In case you were planning to name your baby ‘Commodore’ in honour of the ill-fated locally built, rear-wheel-drive Holden Commodore, you’re out of luck – at least in Victoria.
The Victorian State Government has reportedly issued a list of banned baby names, with Commodore among the 46.
Premier is also on the list to rule out inspiration from another, classic Holden, while unfortunately for fans of Holden’s parent company, General [Motors] is also disallowed.
We’re figuring the state government’s intentions are related more to titles than vehicles as the list also includes the likes of Lieutenant, President, Prime Minister, Corporal and Captain – perhaps it was inspired by Catch 22’s hapless Major Major.
Other banned names with automotive associations include Cadet (by UK’s Vauxhall), Prince (a brand now extinct after merging with Nissan in 1966), [Austin] Princess, and [Morris] Major (produced locally between 1958 and 1964 by British Motor Company Australia).
Commodore may not be the most apt choice for [presumably] a boy, though Holden would be acceptable. You’ll find it in most baby names books, though its origins are English rather than Australian.
And there are plenty of other names inspired by or shared with cars and car brands, including:
- Aston: after the UK sports car brand Aston Martin.
- Bentley: inspired by another British brand.
- Elise: shared with the Lotus, though technically of French origin.
- Mercedes: the brand itself was named after the daughter of German businessman-cum-racing driver Emil Jellinek who had a special relationship with Gottlieb Daimler, Wilhelm Maybach and Carl Benz.

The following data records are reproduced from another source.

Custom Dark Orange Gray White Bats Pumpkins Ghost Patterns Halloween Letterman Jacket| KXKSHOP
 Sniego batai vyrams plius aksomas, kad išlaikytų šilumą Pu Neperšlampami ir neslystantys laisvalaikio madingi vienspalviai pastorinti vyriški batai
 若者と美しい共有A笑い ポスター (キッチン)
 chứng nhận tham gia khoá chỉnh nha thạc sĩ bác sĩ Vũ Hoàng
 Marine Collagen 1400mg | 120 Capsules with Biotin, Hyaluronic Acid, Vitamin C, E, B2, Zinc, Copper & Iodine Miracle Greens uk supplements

- Morgan: shared with the quirky English manufacturer of wooden-chassis sports cars, and arguably most famously the Christian name of legendary actor
- Lola: a Spanish name for “sorrows” shared with an English racing car engineering firm.
- Lincoln: in the US it’s more likely to be inspired by former president Abraham Lincoln than Ford’s luxury car brand, while in England its meaning is ‘lake colony’.